(Saved entries)
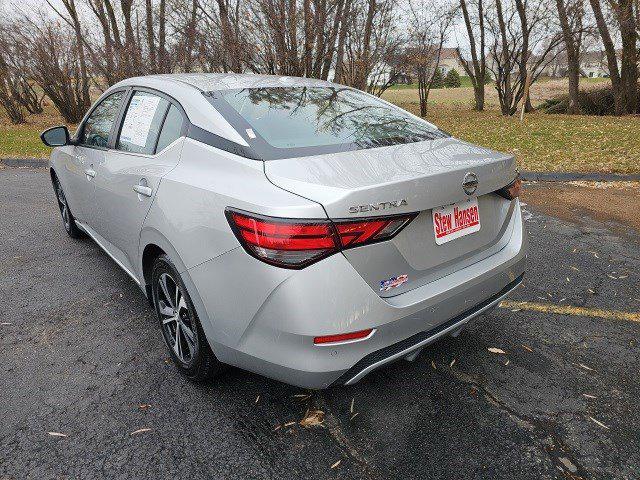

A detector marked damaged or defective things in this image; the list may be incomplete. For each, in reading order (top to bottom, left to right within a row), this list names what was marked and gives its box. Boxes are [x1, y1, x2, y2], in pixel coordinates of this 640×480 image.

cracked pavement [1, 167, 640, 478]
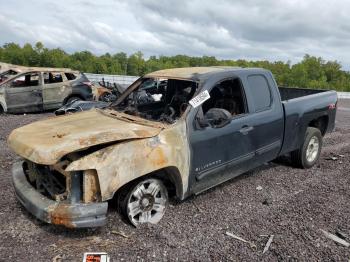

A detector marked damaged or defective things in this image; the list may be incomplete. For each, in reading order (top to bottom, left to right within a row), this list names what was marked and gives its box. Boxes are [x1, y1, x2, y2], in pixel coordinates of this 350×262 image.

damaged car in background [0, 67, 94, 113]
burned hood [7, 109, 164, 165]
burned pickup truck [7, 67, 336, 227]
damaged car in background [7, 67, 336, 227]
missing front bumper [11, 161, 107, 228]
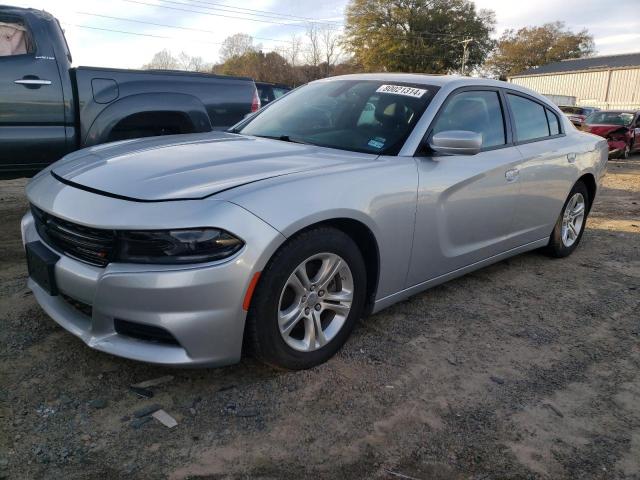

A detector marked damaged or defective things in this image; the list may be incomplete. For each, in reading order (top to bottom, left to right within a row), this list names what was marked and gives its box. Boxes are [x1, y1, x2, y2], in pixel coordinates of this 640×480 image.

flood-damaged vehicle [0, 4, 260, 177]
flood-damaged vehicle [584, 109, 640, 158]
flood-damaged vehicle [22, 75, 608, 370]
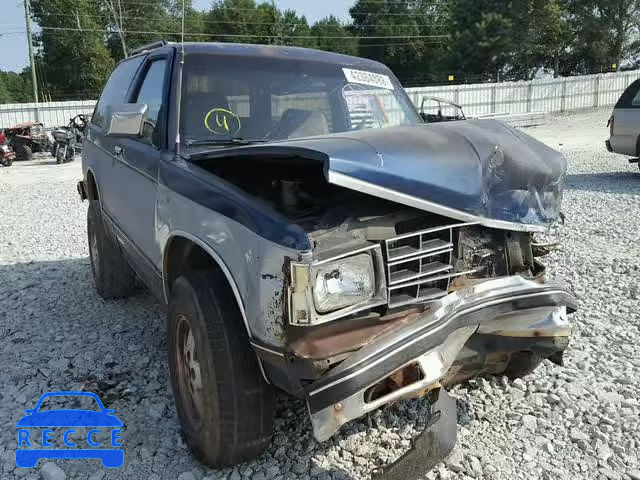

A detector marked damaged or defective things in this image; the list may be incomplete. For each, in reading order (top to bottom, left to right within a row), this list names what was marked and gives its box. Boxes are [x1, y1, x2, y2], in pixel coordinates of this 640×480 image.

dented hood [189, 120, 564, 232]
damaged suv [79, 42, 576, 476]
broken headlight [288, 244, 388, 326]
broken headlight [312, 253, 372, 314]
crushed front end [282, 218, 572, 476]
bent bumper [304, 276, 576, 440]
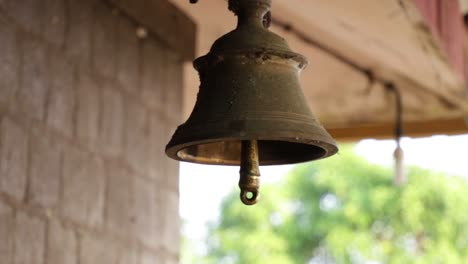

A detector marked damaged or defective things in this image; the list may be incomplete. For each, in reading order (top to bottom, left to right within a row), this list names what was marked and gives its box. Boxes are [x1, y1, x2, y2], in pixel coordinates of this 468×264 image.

◆ **EXERCISE DETAILS**
Your answer must be an exact copy of the records, minus any pictures.

◆ **ANSWER BOX**
A detector marked damaged or defective things in this image; the list may be incomplete. For each, in reading order (top to bottom, left to right within a row), this list names what was marked and gives its box. Boxes are [x1, y1, x2, y2], in pixel coordinates of this 640×480 image.

cracked pavement [1, 167, 640, 478]

A detector marked damaged or defective things in this image; the list may be incomplete. For each, in reading order (top to bottom, left to right within a row), this list names what was marked and gives its box. Boxes are [x1, y1, x2, y2], in pixel coordinates of this 350×262 image.

damaged car in background [0, 67, 94, 113]
burned hood [7, 109, 164, 165]
burned pickup truck [7, 67, 336, 227]
damaged car in background [7, 67, 336, 227]
missing front bumper [11, 161, 107, 228]

A detector marked damaged or defective things in this image; the list may be incomplete. For each, in reading order (top to bottom, left to right within a row), this list names what was marked and gives its box. Boxes are [x1, y1, x2, y2], in pixel coordinates of this 640×480 image.

flood-damaged vehicle [0, 4, 260, 177]
flood-damaged vehicle [584, 109, 640, 158]
flood-damaged vehicle [22, 75, 608, 370]

A detector marked damaged or defective things in this image; the list may be incomplete. For each, in reading order (top to bottom, left to right within a row), this list names what was marked and gives its box. Boxes are [x1, y1, x2, y2], in pixel coordinates of this 640×480 image.

dented hood [189, 120, 564, 232]
damaged suv [79, 42, 576, 476]
broken headlight [288, 244, 388, 326]
broken headlight [312, 253, 372, 314]
crushed front end [282, 218, 572, 476]
bent bumper [304, 276, 576, 440]

A detector marked damaged or defective things in this image; the list may be incomplete. For each, in reading order (top to bottom, left to right within a row), this list names what was marked and gives its box. Boxes are [x1, y1, x2, y2], in pixel coordinates of this 468×264 image.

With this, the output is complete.